Perhaps he has other reasons for refusing to join the letter, but I suspect someone like Dean Cole—who has risen to the top of his field by overcoming real racial prejudice—has one principal reason for refusing to join the lockstep march of today’s self-proclaimed anti-racists: he recognizes their kind. They may not be violent, but at the root of their worldview is the same ugly premise as was held by the racists who assaulted his father all those years ago.
In a recent talk on race and the Culture of Life, Dean Cole reminded listeners that “each of us is made in the likeness and image of God, which means that God reflects many races, and that we need to see each other as He sees us.” This admonition is difficult to square with an ideology that considers color-blindness, itself, to be racist.
In any event, the law school deans’ misguided letter is only the latest episode in the steady leftward drift of the legal academy.
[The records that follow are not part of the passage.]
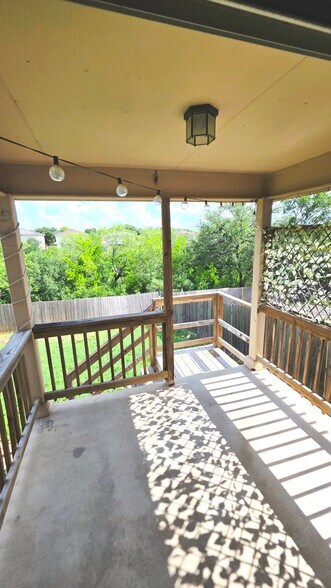 Building Photo - 7330 Blazar Way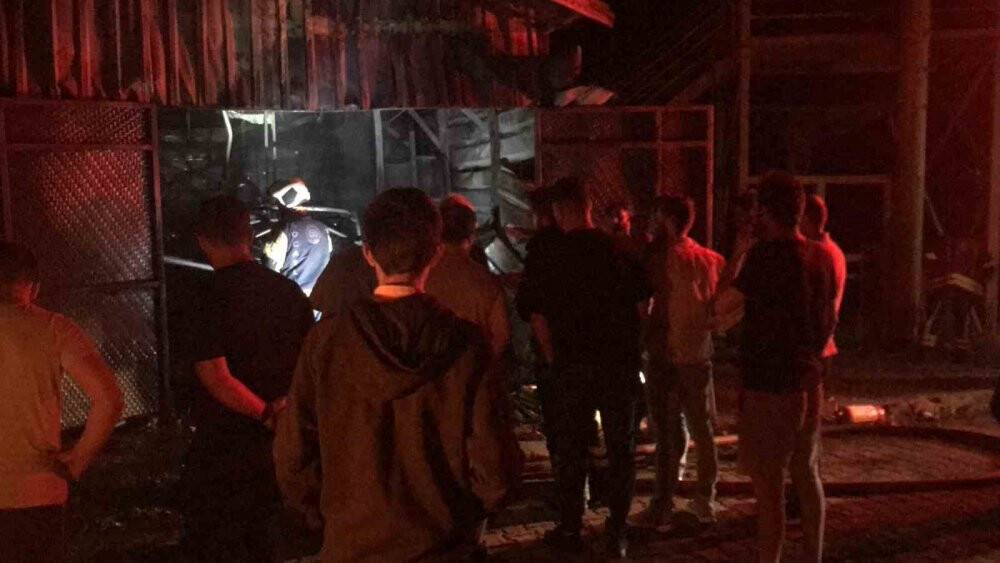 Atölyede çıkan yangında, ATV kullanılmaz hale geldi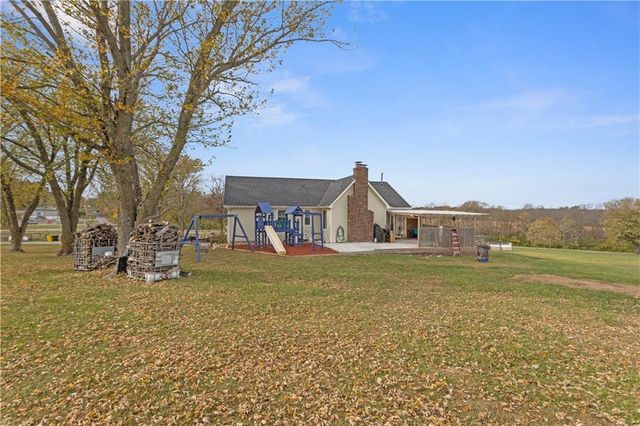 11203 Chandler Road, Liberty, MO 64068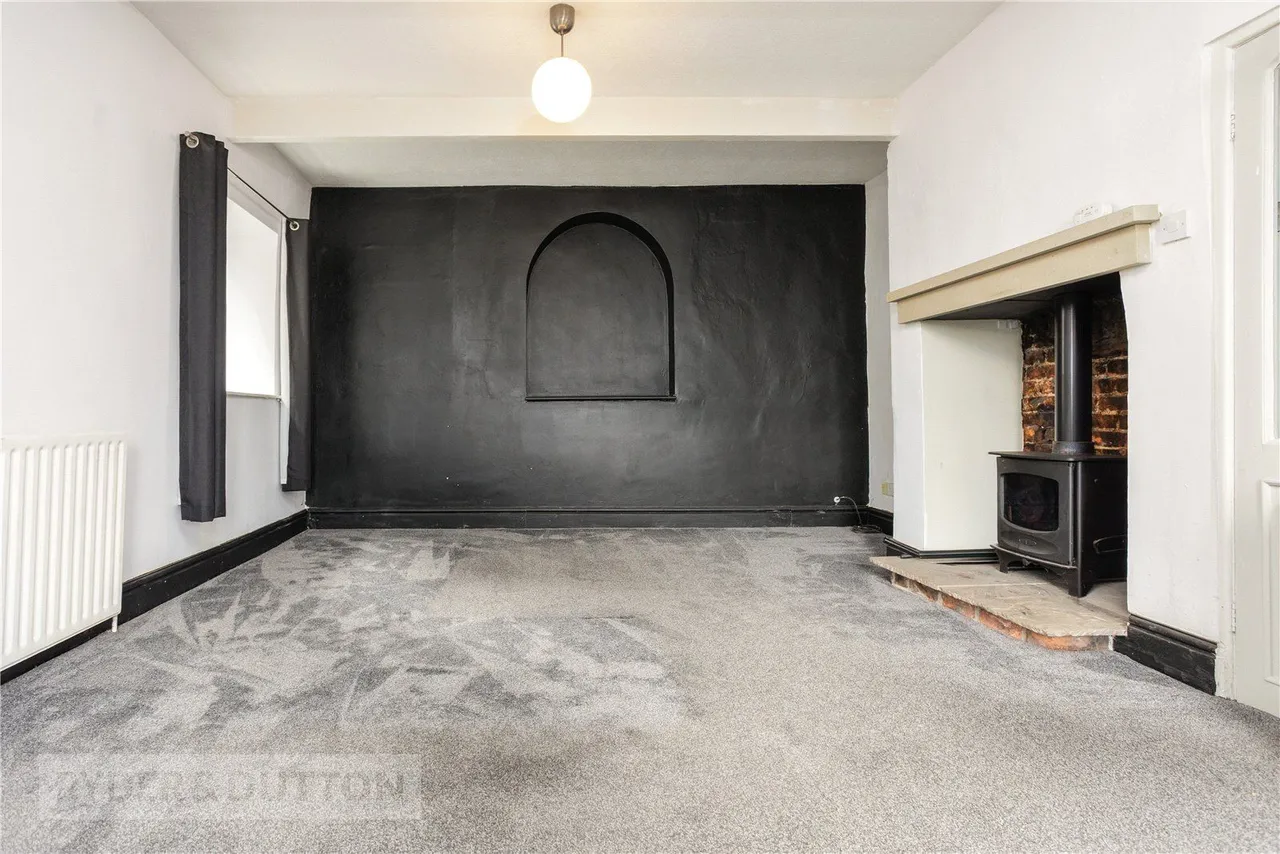 3 bed house for sale, Stamford Street, Mossley, OL5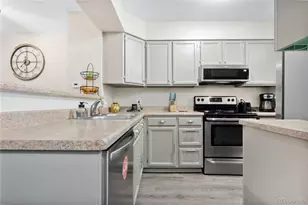 10695 W Dartmouth Ave, Lakewood, CO 80227 - Photo 6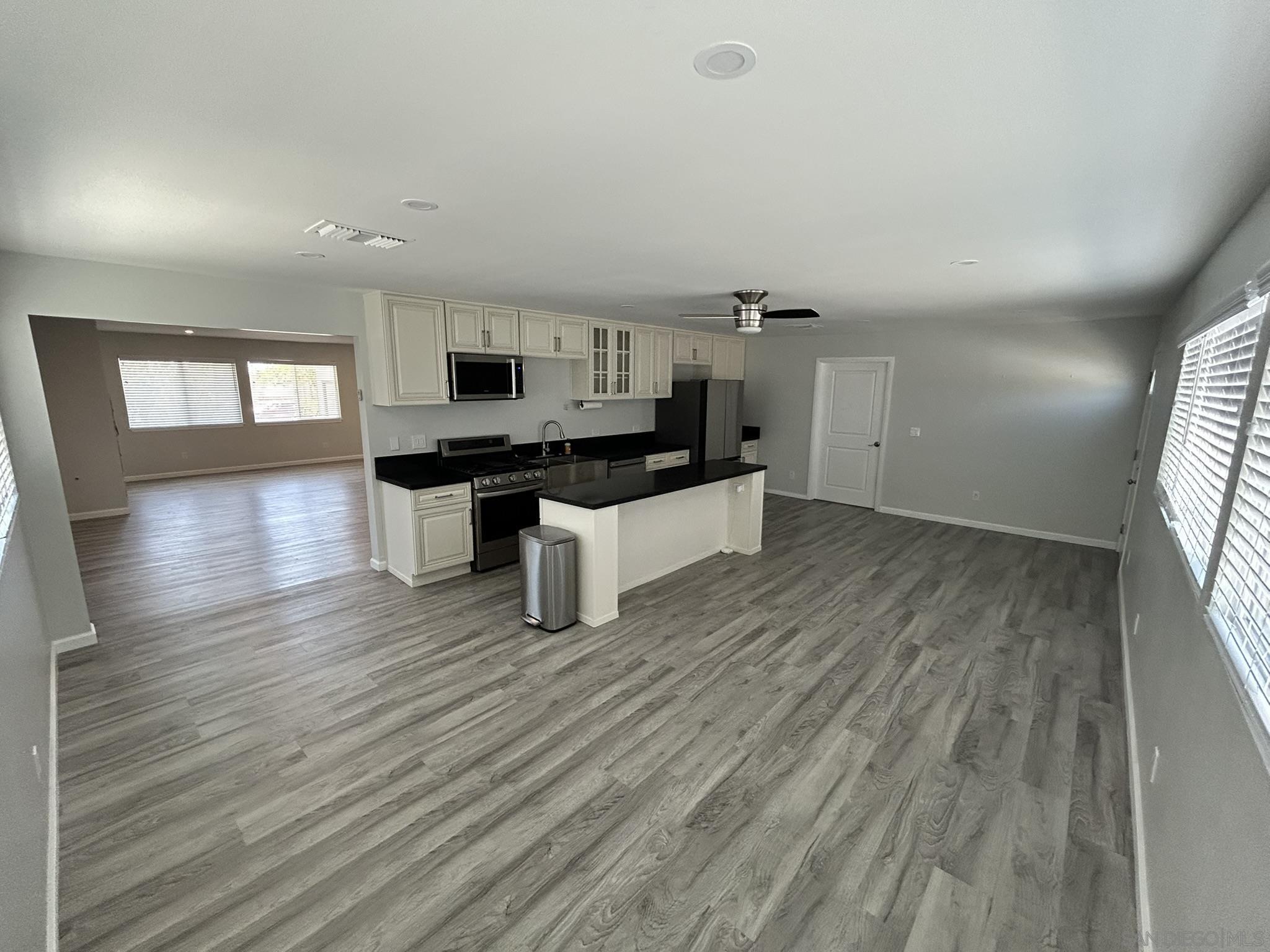 Detail Gallery Image 4 of 26 For 27452  Silver Lakes Pkwy, Helendale,  CA 92342 - 4 Beds | 2 Baths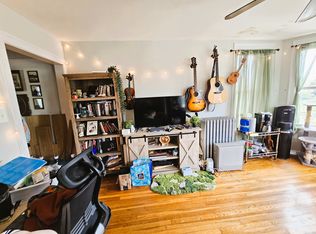 1550 W Birchwood Ave #2, Chicago, IL 60626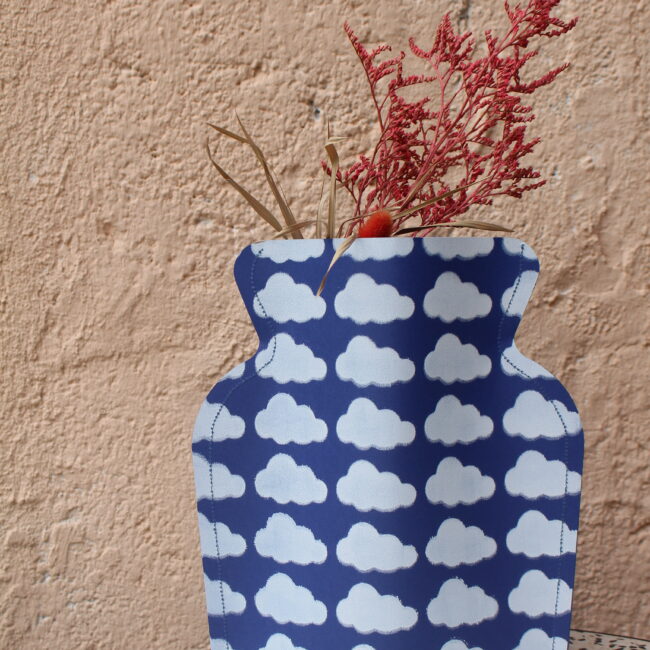 Ce vase en papier est une pièce unique qui allie esthétique et fonctionnalité. Design épuré, motifs délicats et finition artisanale.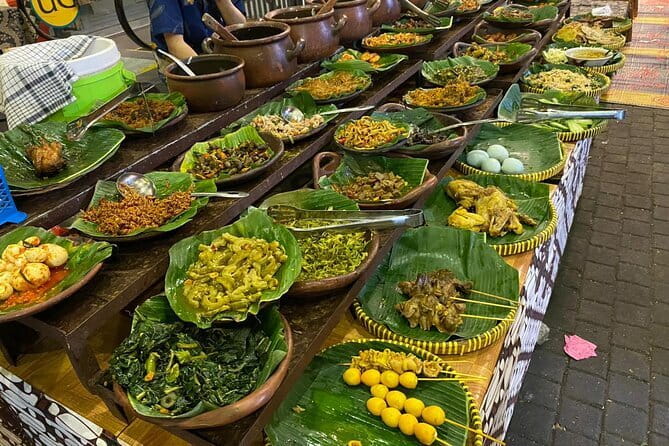 Experience Jakarta Street Food Scene with MRT Transportation - What this Jakarta street food tour really gives you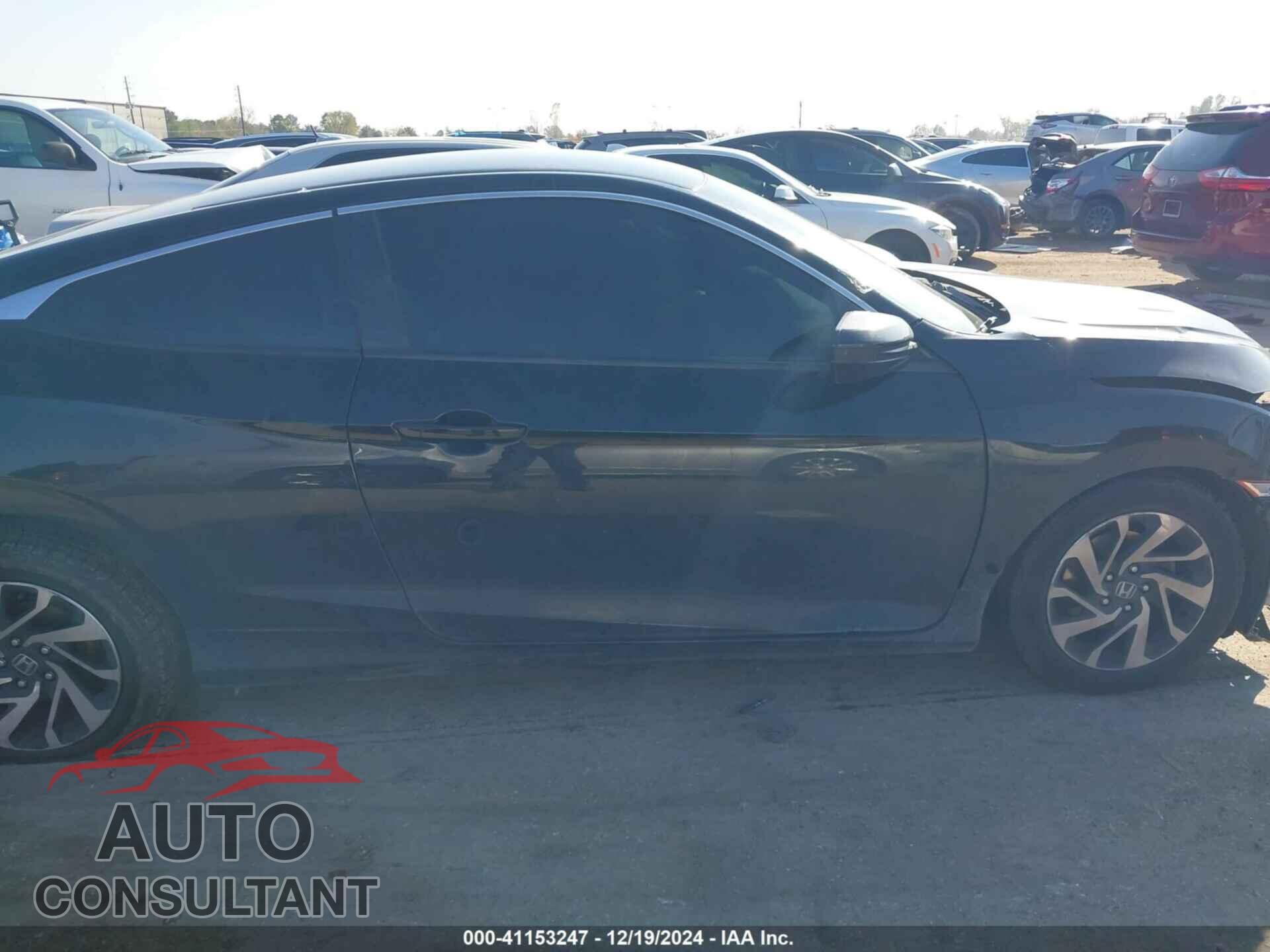 HONDA CIVIC 2016 - 2HGFC4B52GH311552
Since these deans and their underlings carry such sway over our political system, shaping generation after generation of attorneys, it matters what they teach. Law school should be a place for free and open debate, which is the only way to arrive at truth. Curricula that begin with a worldview that separates thinking, unique, complicated individuals (all of us are) into either part of the racial problem or part of the solution, and that reject the idea that we ought to judge individuals as individuals, not as members of a group they had no option to join and cannot leave, are inconsistent with the American legal tradition.
Time for some competition.
Ben Lepak is Legal Fellow at the 1889 Institute. He can be reached at [email protected].
The opinions expressed in this blog are those of the author, and do not necessarily reflect the official position of 1889 Institute.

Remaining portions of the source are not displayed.